The city’s latest proposal has taken a year to prepare by a team of experts and results from nine community meetings and sessions with the Planning Commission and City Council.
After the Aug. 12 hearing, the Planning Commission might hold a second public meeting, then make its recommendations to the City Council. The council is expected to take up the issue in October, officials said.
“I think we have significant community support for it,” City Manager John B. Bahorski said of the city’s proposal. “We’re not anticipating any major changes.”
But Bahorski and city planner Daniel Bott said the proposal is a recipe for development that can be adjusted, within parameters.
Developers said it represents a starting point for talks but dismissed it as untenable.
“The city was faced with something they don’t do best--develop a piece of property,” Edward said.
The city’s plan calls for increased coastal access through open neighborhoods of houses, along with a network of trails that follow the bluff top and a resort of about 150 rooms. It would allow 185 houses, some attached, on lots larger than 2,500 square feet.
Under the plan by Headlands Reserve LLC and the Sherman Co., the developers, there would be 206 to 267 houses, but a smaller resort of perhaps 75 to 100 rooms.
Both versions are significantly smaller than a former $500-million plan for the site under different owners. A 1994 plan called for a 400-room hotel and 370 homes. That plan was dropped after a pair of citizen referendums.
Since then, the ownership has changed. In May, Chandis Acquisitions Corp., a subsidiary of the company that publishes the Los Angeles Times, sold its 50% interest to Edward’s Headlands Reserve LLC for a reported $60 million to $70 million.
Still, the city and developer appear far apart on the location of the hotel, the placement of houses and the amount of open space. Activist citizens side with the city, but developers said their plans satisfy residents’ concerns.
City officials want the hotel on the western portion of the site, along a beachfront area called the Strands. That placement would allow the top of the bluff to be kept relatively sparse.
The developer prefers a bluff top location for the resort that would provide better harbor views.
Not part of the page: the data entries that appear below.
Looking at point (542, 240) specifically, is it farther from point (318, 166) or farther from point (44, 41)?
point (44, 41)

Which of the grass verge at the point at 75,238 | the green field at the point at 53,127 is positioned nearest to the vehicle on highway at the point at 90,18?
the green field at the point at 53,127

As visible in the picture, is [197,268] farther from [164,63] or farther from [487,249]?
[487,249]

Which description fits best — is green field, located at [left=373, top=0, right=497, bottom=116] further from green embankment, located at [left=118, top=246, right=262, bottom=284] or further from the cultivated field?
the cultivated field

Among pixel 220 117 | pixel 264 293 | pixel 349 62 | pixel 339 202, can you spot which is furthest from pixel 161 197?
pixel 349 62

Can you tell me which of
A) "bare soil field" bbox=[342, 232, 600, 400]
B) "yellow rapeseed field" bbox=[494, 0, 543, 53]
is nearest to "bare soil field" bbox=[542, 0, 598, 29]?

It also would allow houses selling from $600,000 to more than $2 million to be grouped along the Strands farther up the shoreline.
City officials said they fear the developers want to clump the houses together in a gated community; developers responded Friday that the question of access to the neighborhoods is still being discussed.
City officials also said the unstable geology of parts of the site require certain areas to remain off-limits, restrictions they said were not observed by the developers’ plans.
“They’re proposing a commercial development in an unsafe area,” planner Bott said.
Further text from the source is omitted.